All results should be subjected to an appropriate statistical analysis. Statistics show us what the numbers are trying to say. Statistics allows us to separate reality from our own prejudices. A good working knowledge of statistics is, therefore, extremely important.

The thesis should interpret the results for the reader. In other words, the thesis should explicitly answer the question "What do the results mean?". This interpretation, of course, must be done within the context of the statistical analysis. The results should also be compared to the literature where possible. Don't leave this interpretation up to the examiner! The examiner might not interpret things the way that you intended.

Response

When the examiners' reports are received by the institution, they will be collated and made available to the candidate. The candidate always has a right of response. Don't be afraid to disagree with an examiner! Examiners are human, they make mistakes, or they might have missed something in the literature. If a candidate does disagree, however, then they should have a solid justification for disagreeing. The candidate will have to convince the examiner that they were mistaken, that means using facts or logical argument. Personally, I am quite prepared to be proven wrong on anything I write in an examiner's report. But I will only be swayed by a convincing, well-reasoned argument based on either logic or data. If a candidate tries to bullsh*t me, then I will not react well.
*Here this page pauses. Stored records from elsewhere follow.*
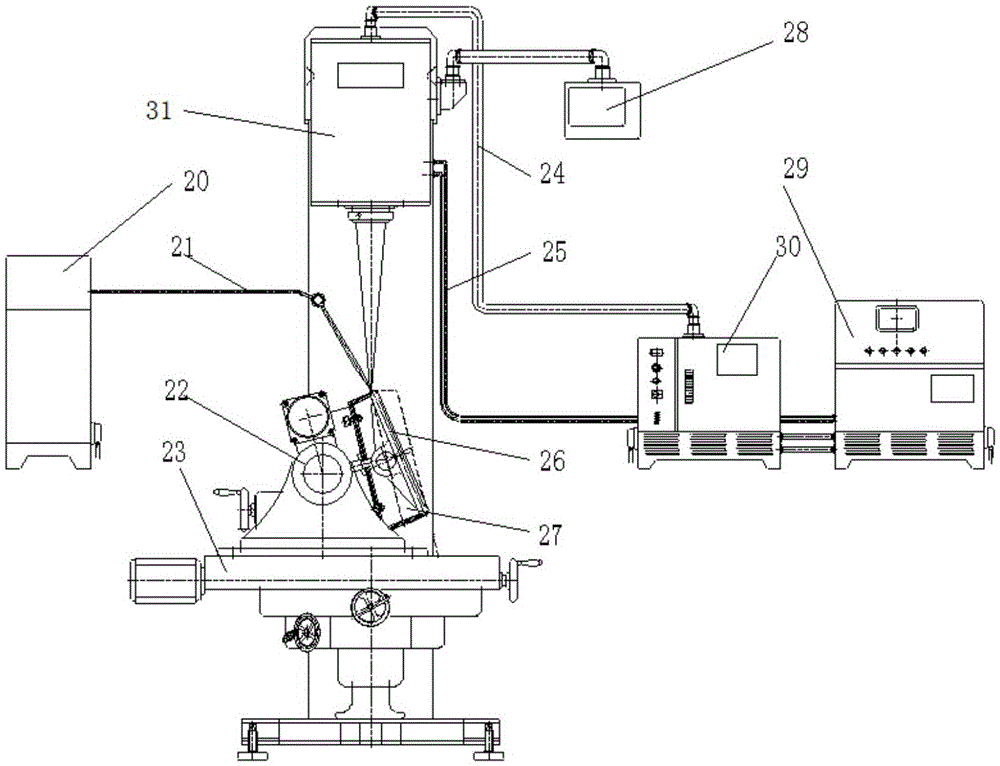 Laser cladding device for inclined frustum-shaped valve plate sealing faces of large valves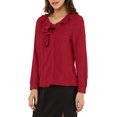 thumbnail image 4 of Unique Bargains Women's Ruffle V Neck Office Button Front Vintage Blouse, 4 of 5
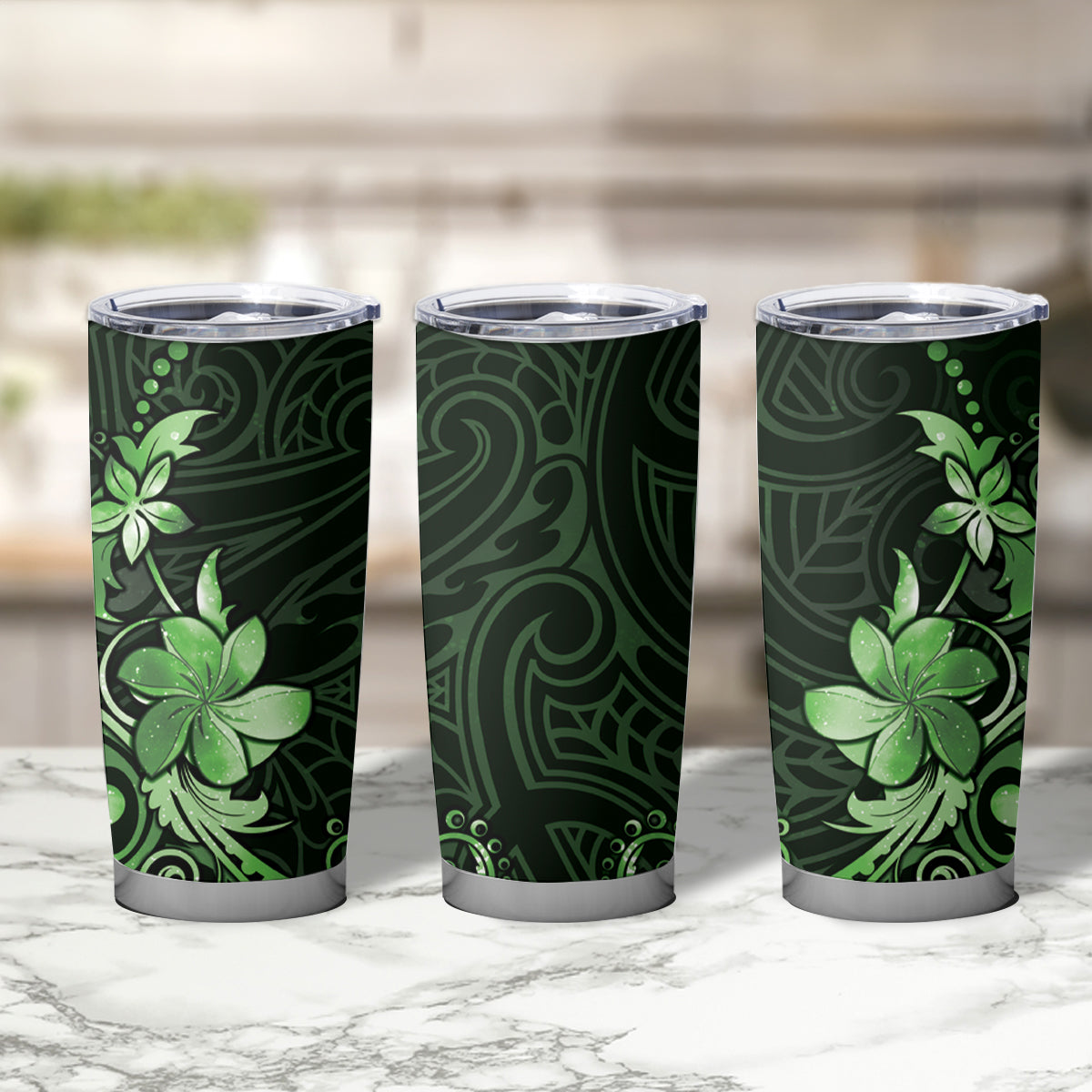 Matariki New Zealand Tumbler Cup Maori Pattern Green Galaxy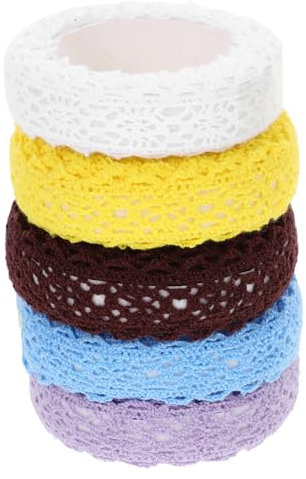STOBOK 5rollen Selbstklebendes Spitzenband Spitzenmusterbänder Zum Basteln Scrapbooking Bandaufkleber Für Tagebücher Notizbücher Geschenkboxen Dekorieren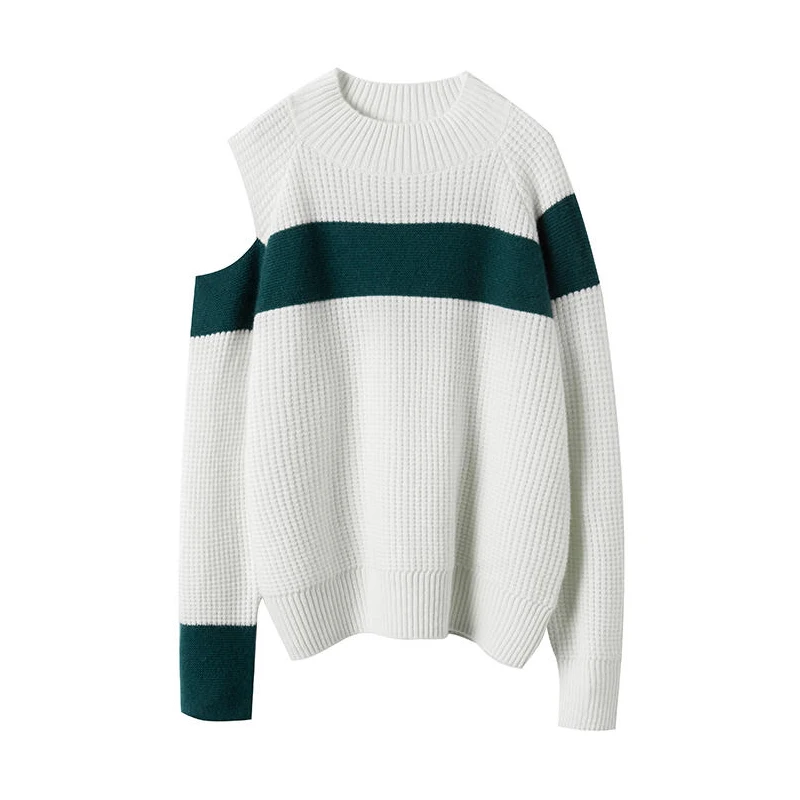 

europe new fashion striped knitted 100% cashmere waffle sweater jumper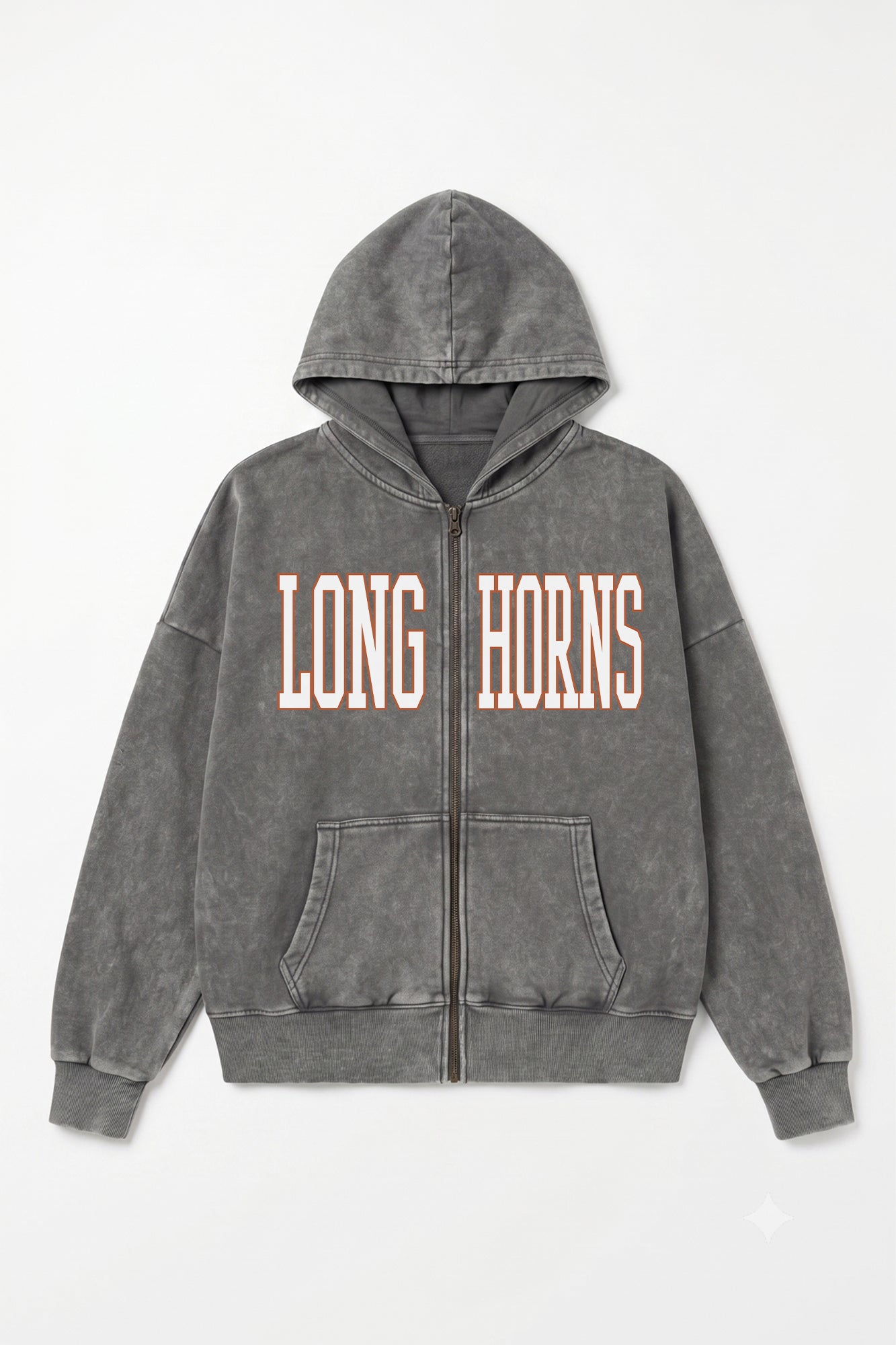 TEXAS LONGHORNS STATEMENT MODE VINTAGE WASH FULL UNISEX ZIP HOODIE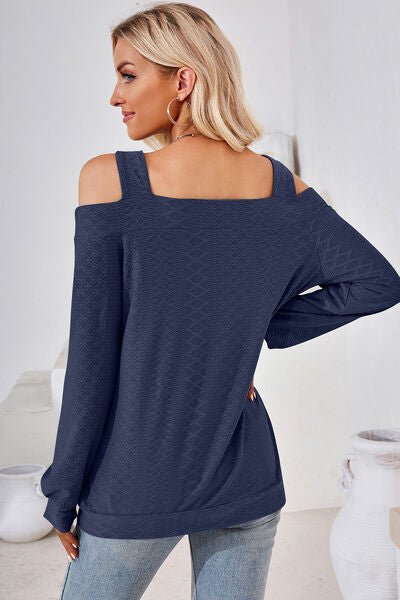Cutout Square Neck Cold Shoulder T - Shirt - Loulou Boutique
If a viva is to be held, then the examiners' reports will be made available to the candidate well before. A viva is a way of demonstrating that the candidate really does know what they are talking about in the thesis, and that they are able to handle questions on their own. It is also an opportunity for the examiners to clarify any lingering issues from the examination. I never try to make a candidate feel uncomfortable or upset in the viva, and I don't understand examiners who do that. It is not an opportunity for an examiner to show off how clever they are, or to exercise their limited power over another person. It is the last step of the examination, and it should be carried out in a professional and collegial manner.

Summary

A postgraduate degree represents a substantial investment of time and effort on the part of the candidate and their supervisor. It behooves all involved in that process to minimise the chances that the effort will be wasted. Putting in the effort to avoid the common issues I have identified above will help to achieve this.